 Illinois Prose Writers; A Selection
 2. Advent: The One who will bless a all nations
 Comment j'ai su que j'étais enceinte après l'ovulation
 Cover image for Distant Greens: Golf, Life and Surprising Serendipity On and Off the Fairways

━━━━━━━━

• [What you have to do]:
In the data above, find the line containing "2. Advent: The", then copy it and every later line exactly.

• [Result below]:
 2. Advent: The One who will bless a all nations
 Comment j'ai su que j'étais enceinte après l'ovulation
 Cover image for Distant Greens: Golf, Life and Surprising Serendipity On and Off the Fairways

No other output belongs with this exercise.